Content starts

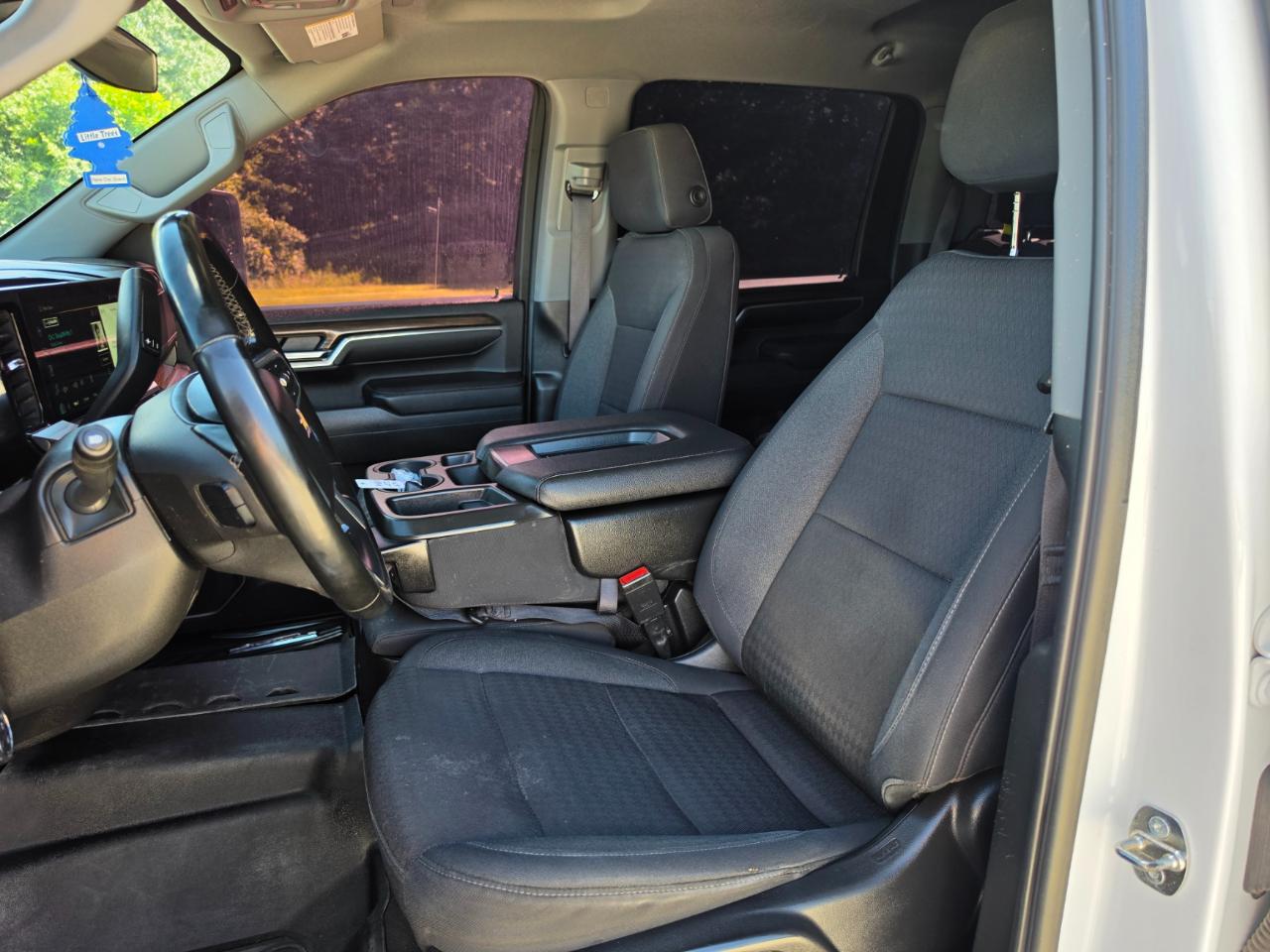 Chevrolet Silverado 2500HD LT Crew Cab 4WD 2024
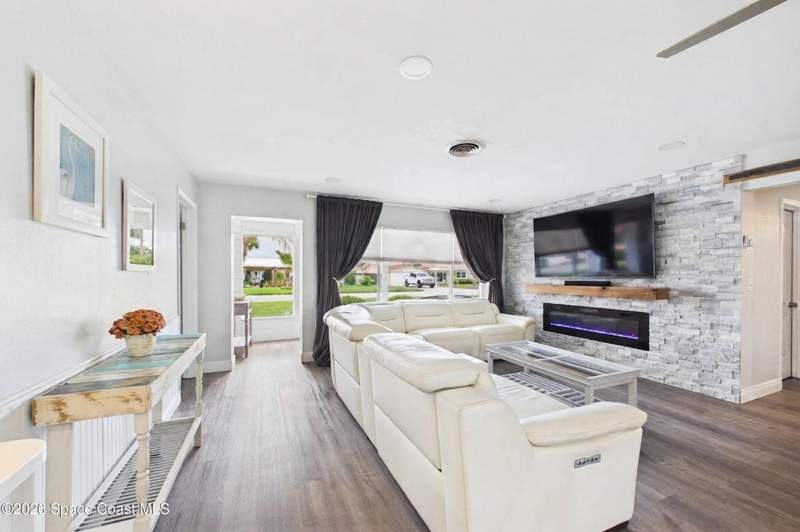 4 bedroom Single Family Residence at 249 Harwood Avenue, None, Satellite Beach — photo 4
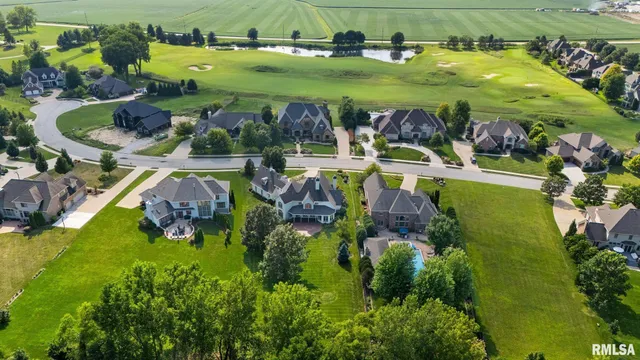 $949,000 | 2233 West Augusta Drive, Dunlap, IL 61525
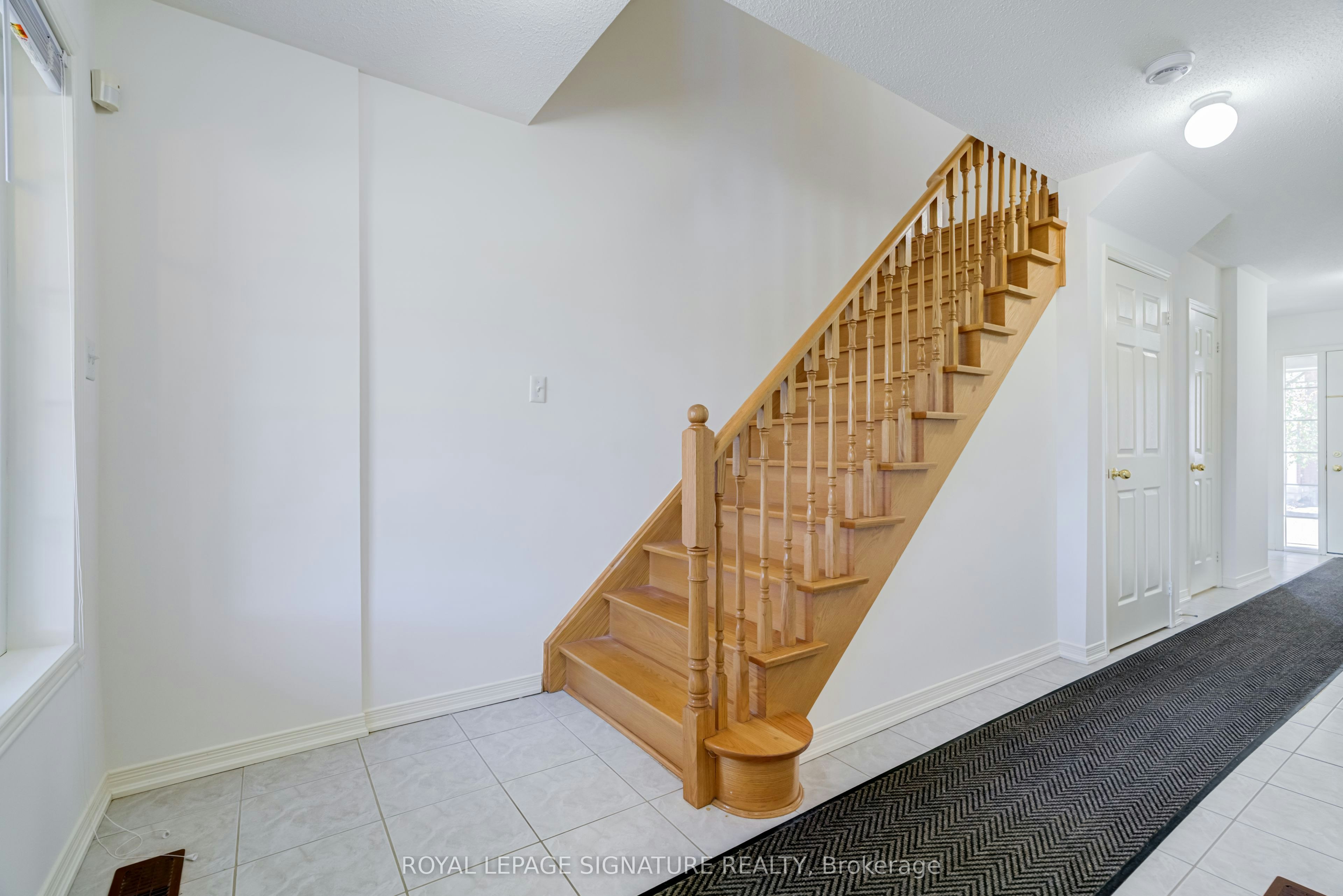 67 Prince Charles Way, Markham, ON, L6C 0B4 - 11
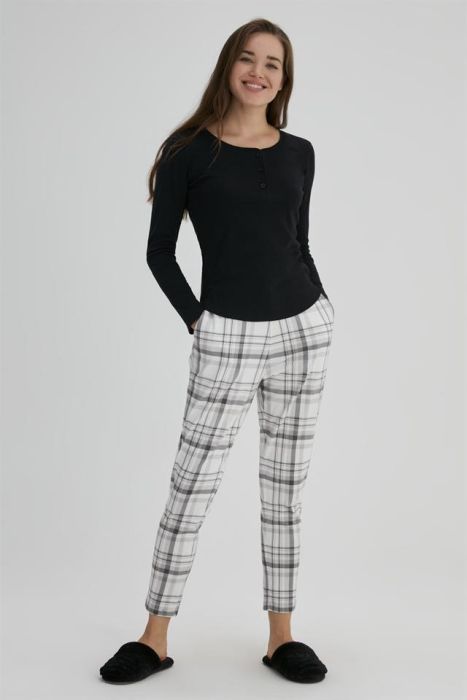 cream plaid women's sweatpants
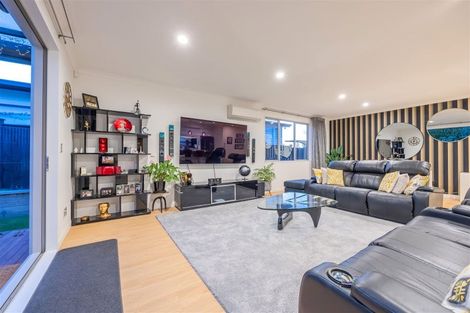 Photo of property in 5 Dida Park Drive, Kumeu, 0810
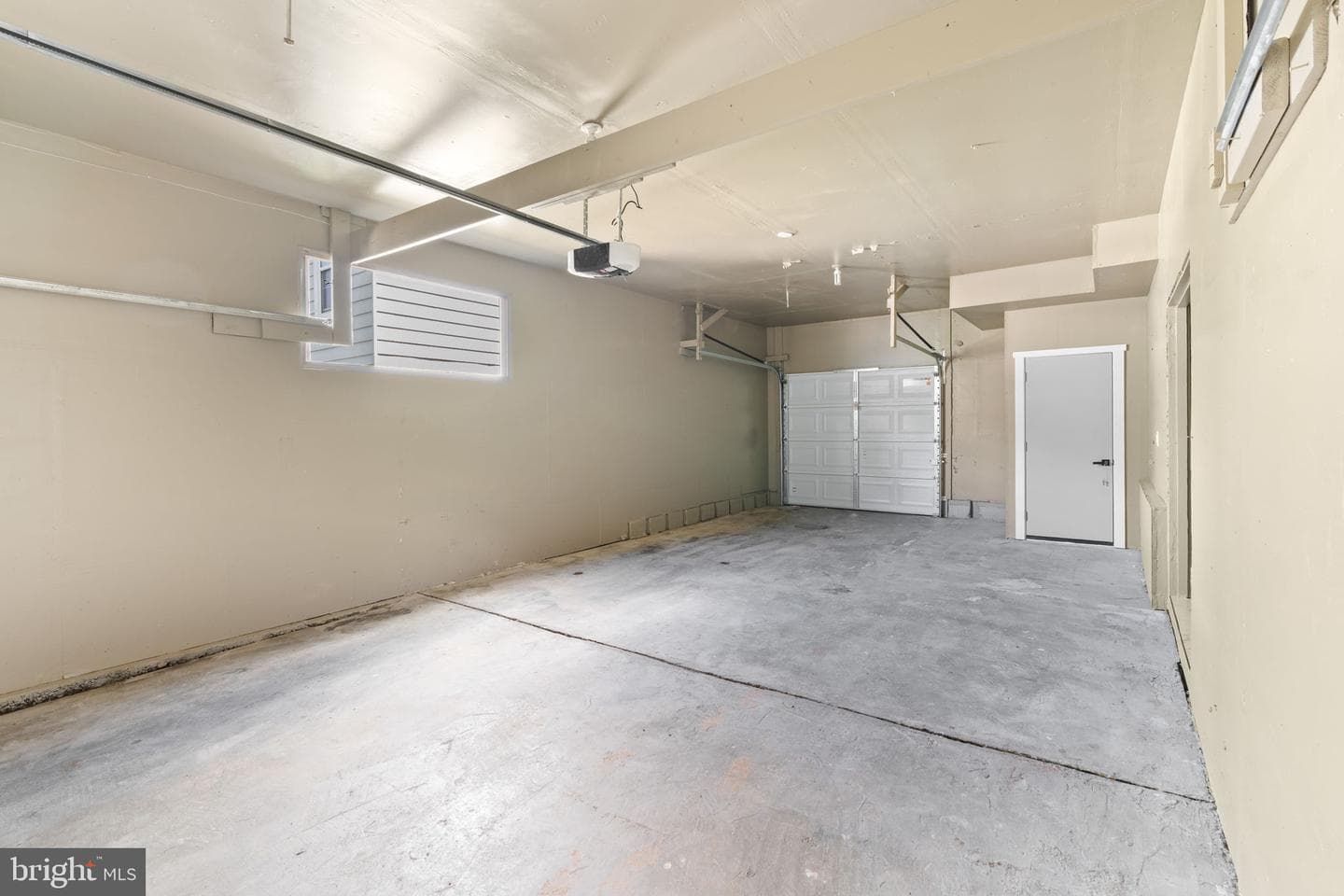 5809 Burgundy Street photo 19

Content ends

Task requirements:
Reproduce the opening lines of the material above exactly, ending with the line that contains "67 Prince Charles". Omit every picture.

Solution below:
 Chevrolet Silverado 2500HD LT Crew Cab 4WD 2024
 4 bedroom Single Family Residence at 249 Harwood Avenue, None, Satellite Beach — photo 4
 $949,000 | 2233 West Augusta Drive, Dunlap, IL 61525
 67 Prince Charles Way, Markham, ON, L6C 0B4 - 11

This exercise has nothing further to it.